Their great rival ATi, was also responding to gamers needs by developing faster and more powerful chips, but it was clear that they were no competition to the technological brains and management acumen of nVidia. As many of you know, ATi was acquired by AMD in 2006, but that's another story. It's just worth mentioning here the irony that nVidia's greatest rival was bought by a CPU manufacturer, in an article about nVidia morphing into a manufacturer of high performance "CPUs".

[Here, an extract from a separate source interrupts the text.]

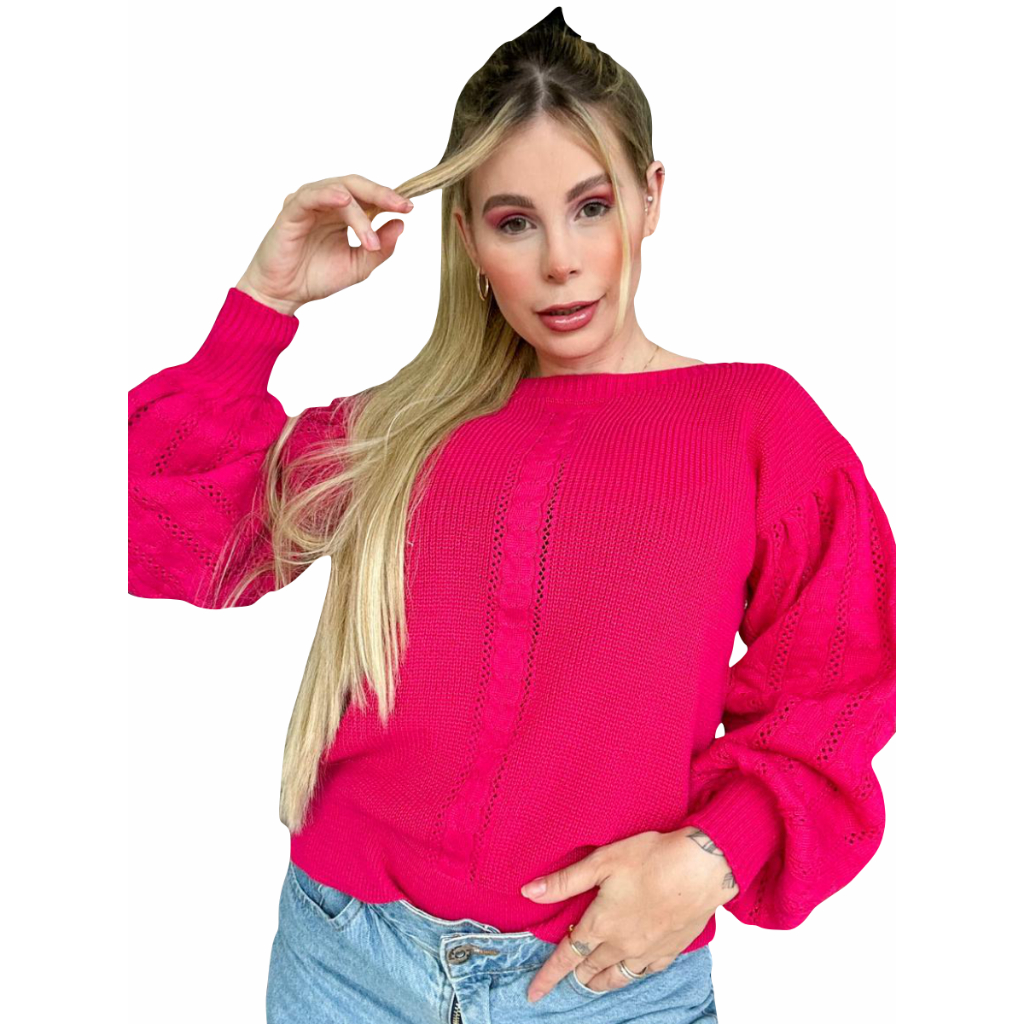 Roupa Feminina Manga Longa Bufante Blusa Inverno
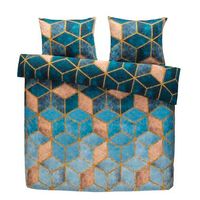 Dekbedovertrek Tornio grafisch - blauw - 240x200/220 cm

The graphics company parallelled their success in the gaming market with display cards aimed at the workstation sector, specifically the QuadroFX series, that are optimised for line and layer based graphical rendering common to 3D design, engineering and scientific displays, as opposed to heavily textured gaming graphics.

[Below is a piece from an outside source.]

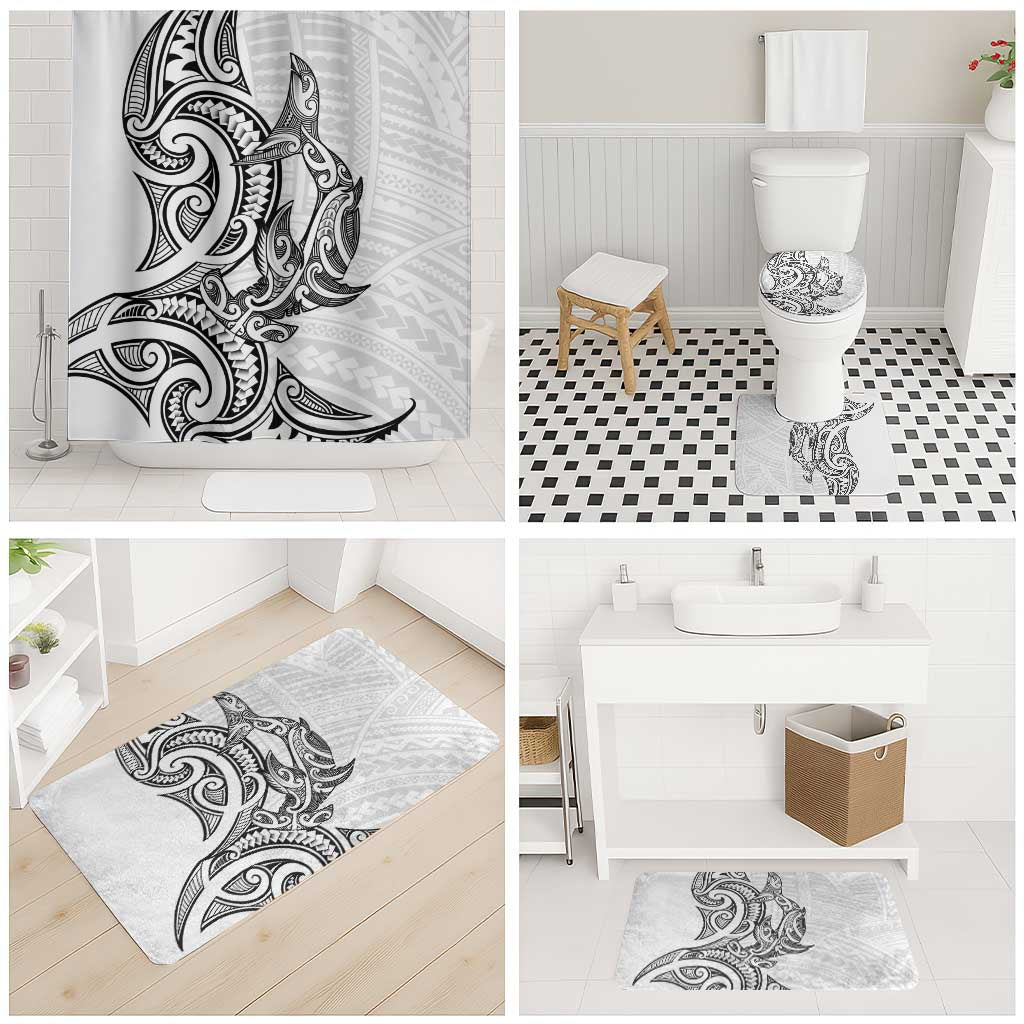 New Zealand Hammerhead Shark Bathroom Set Maori Haehae Mangopare White - Polynesian Pride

From Processing Graphics to Processing... Anything

Several years ago, out of the GeForce and QuadroFX product lines, a feature was quietly spawned that enabled programmers to write code in the C programming language that could run on the graphics card's GPU. And that code could be anything, not just graphics routines. It didn't occur to anyone at the time, perhaps, that this feature would lead to a revolution in the power of scientific and high-performance computing that is still in its early stages, but which promises to potentially change the world. For it seemed that graphics processors were particularly good at performing certain types of massively-parallel calculations. Much better, in fact, than a conventional CPU, which had evolved along a very different path due to the more general demands of managing an entire PC.

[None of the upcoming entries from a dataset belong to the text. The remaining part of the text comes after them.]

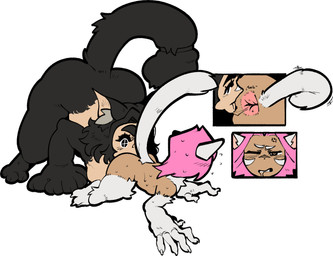 all_fours anal anus black_body black_fur bodily_fluids brown_body brown_skin cross_eyes drooling duo female fur gaping gaping_anus hair heart_eyes heart_symbol larger_female male male/female oral pink_hair polydactyly raised_tail rimming saliva sex size_difference smaller_male sweat tail forebodingart chessly animal_humanoid cat_humanoid domestic_cat felid felid_humanoid feline feline_humanoid felis humanoid maine_coon mammal mammal_humanoid hi_res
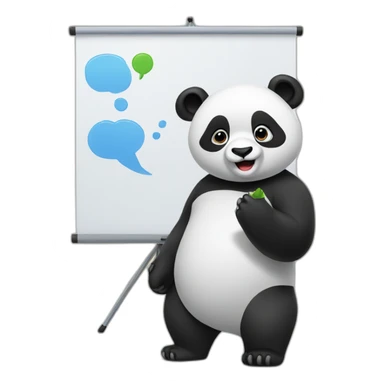 panda giving a presentation sticker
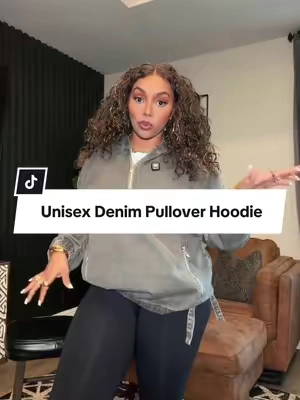 Unisex Denim Pullover #unisexfashion #denimhoodie #denimtop #topsforwomen #pulloverhoodie 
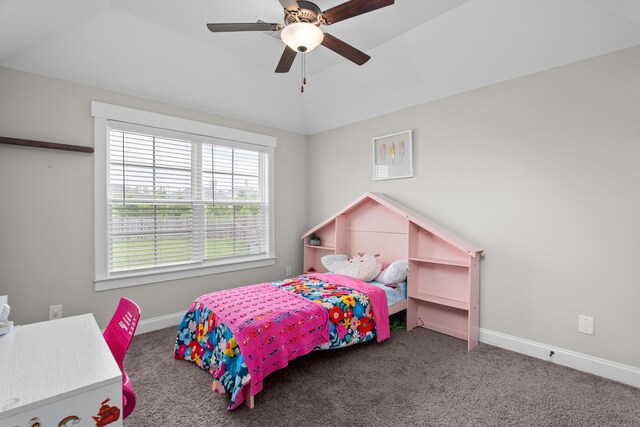 256 Dublin Loop, Grovetown, GA 30813 - bedroom with carpet flooring, baseboards, ceiling fan, and lofted ceiling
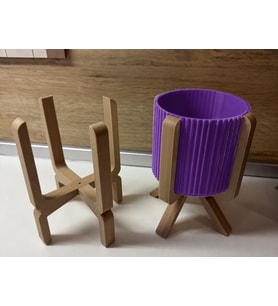 3D Baskı Ayaklı Çizgili Saksı - Bej Standlı Dekoratif Saksı - Mor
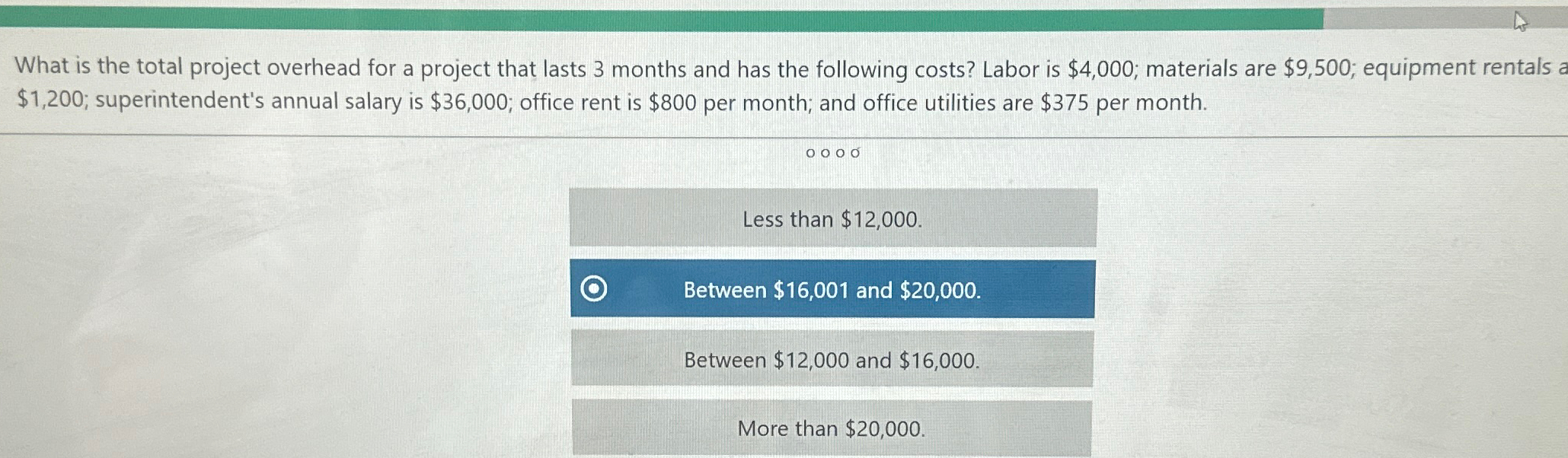  What is the total project overhead for a project that lasts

Perhaps this remarkable performance isn't surprising when one considers the architecture of the typical GPU. Multi-core CPUs are now the standard, but have only become so in the last couple of years, and in any case are limited currently to four cores. GPUs on the other hand, perhaps due to the unique problems of solving large-scale 3D graphics problems, evolved with multiple cores at a relatively early stage. Today, nVidia have a GPU with no less than 240 cores! That's sixty times that of a conventional quad-core CPU!

Couple this with the super-high memory bandwidth between a GPU and its RAM, and you have something that can theoretically deliver orders of magnitude of performance gain over a traditional CPU. To compare, the nVidia GeForce GTX285 advertises 159GB/s bandwidth between its 240 cores and 1GB of GDDR3 RAM. This compares with 15-20GB/s achievable with the fastest conventional CPUs today. So as long as you can write your code to fit within the RAM of the graphics card, then you're looking at an order of magnitude increase in data transfer.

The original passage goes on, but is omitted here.